Books That Inspired Me In 2016

After what I could only describe as a severe “reading drought” during my twenties, in the last year or two I’ve rekindled my love for a good book. I’ve realised that I have a thirst for knowledge on certain topics and love learning more. Fiction and novels aren’t quite hitting the spot for me right now (although I did race through The Hunger Games series in record time), but I’m sure I’ll rediscover them again in the future. For the time being, topics around food, the environment, waste and a little self help thrown in for good measure is where I’m at.
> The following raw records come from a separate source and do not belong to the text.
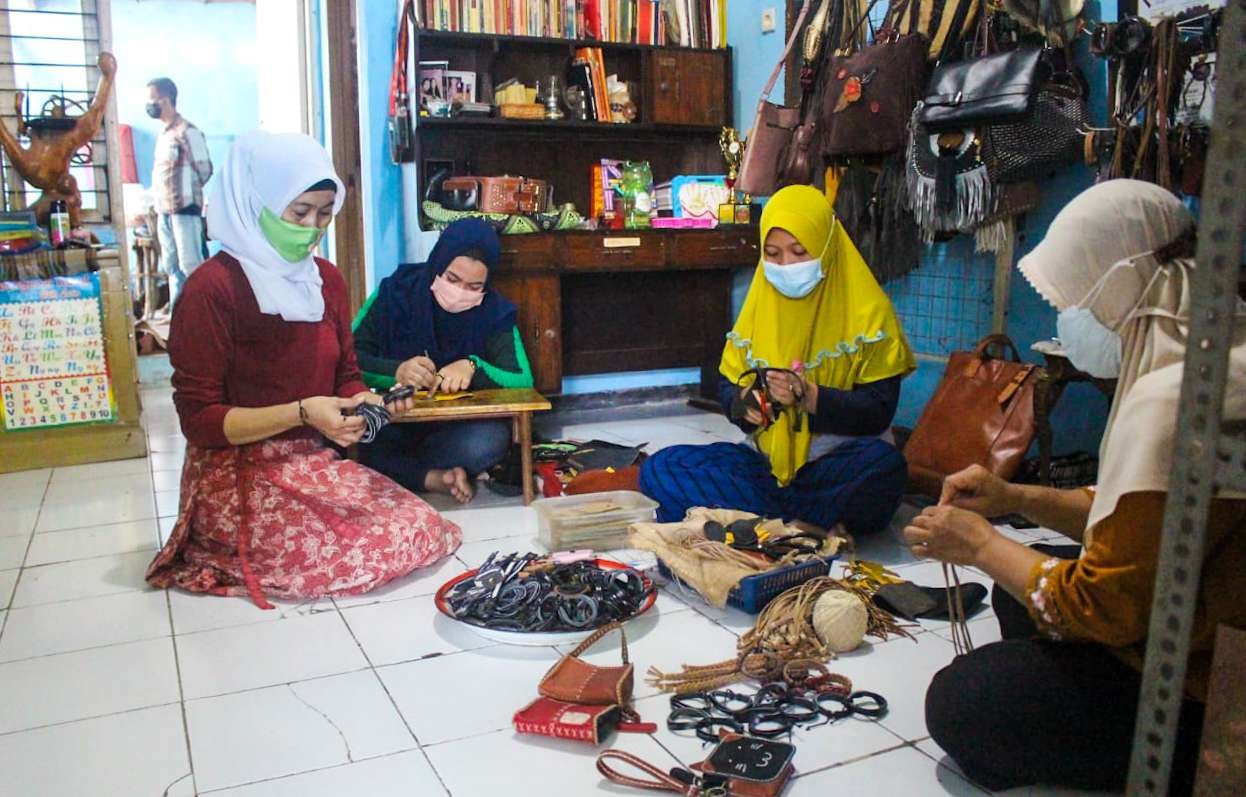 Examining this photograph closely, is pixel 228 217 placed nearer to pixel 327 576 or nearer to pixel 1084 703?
pixel 327 576

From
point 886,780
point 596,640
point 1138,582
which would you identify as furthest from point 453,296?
point 1138,582

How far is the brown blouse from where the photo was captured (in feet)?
4.08

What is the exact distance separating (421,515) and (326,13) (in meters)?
3.75

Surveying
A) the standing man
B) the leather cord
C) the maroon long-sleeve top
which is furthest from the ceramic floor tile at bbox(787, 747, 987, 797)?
the standing man

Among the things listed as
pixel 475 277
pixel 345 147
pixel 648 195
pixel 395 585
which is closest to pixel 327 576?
pixel 395 585

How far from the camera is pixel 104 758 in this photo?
1768 mm

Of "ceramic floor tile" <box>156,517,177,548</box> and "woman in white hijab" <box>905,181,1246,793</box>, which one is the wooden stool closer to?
"woman in white hijab" <box>905,181,1246,793</box>

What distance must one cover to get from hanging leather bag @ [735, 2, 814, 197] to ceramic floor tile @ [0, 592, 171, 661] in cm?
269

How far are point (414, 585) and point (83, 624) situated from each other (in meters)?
0.74

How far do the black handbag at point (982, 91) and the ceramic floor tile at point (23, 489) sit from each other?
3184mm

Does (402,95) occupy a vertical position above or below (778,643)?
above

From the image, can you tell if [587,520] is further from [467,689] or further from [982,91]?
[982,91]

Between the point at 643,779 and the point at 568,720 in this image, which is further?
the point at 568,720

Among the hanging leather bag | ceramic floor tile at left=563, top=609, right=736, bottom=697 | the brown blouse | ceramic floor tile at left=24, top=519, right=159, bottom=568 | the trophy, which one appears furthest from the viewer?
the trophy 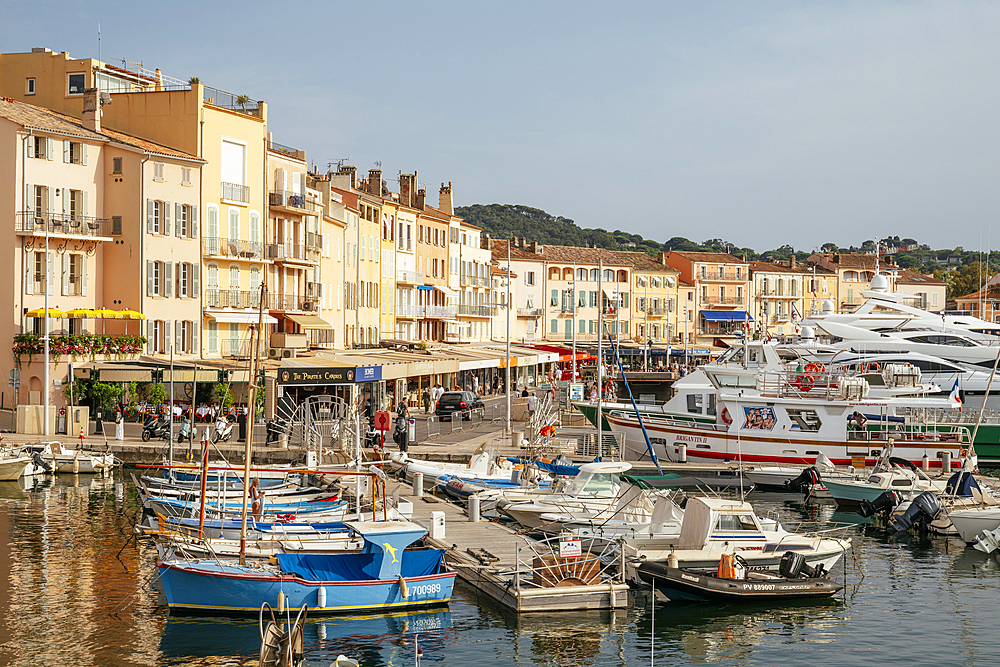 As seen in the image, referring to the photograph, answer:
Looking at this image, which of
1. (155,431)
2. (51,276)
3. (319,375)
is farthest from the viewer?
(51,276)

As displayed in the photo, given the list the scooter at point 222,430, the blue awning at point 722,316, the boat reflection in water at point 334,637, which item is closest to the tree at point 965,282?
the blue awning at point 722,316

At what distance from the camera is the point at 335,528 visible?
2555cm

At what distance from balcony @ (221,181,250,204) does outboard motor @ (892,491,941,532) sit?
34890 millimetres

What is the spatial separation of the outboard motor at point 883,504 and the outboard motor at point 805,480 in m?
3.50

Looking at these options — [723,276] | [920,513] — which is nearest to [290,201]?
[920,513]

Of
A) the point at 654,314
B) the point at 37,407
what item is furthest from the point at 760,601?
the point at 654,314

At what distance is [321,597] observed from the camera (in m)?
21.2

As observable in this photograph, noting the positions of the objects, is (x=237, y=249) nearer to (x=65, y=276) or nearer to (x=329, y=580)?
(x=65, y=276)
Whilst downloading the books on to a kindle, iPad or phone would be the most zero waste way to go, I find I engage in books much more if I have a physical copy. Something about reading from a lit up screen that doesn’t work for me. Instead,  I try to buy either second hand where possible or support a local, independent book shop close by. I also sometimes use Waterstones, as you can order your books to your nearest store and pick it up without any packaging. Or just wander in and buy it off the shelf. I don’t use the library as I find I often like to refer back to the pages of the books, or read three at once, switching between them every few days. I think the pressure of having to return it would stress me out a little and I’d start to feel like reading was becoming a chore. But I totally agree, borrowing from a library would be a great option if you don’t mind a time limit.

So here are some of the books I really enjoyed reading in 2016 (affiliate links marked with *).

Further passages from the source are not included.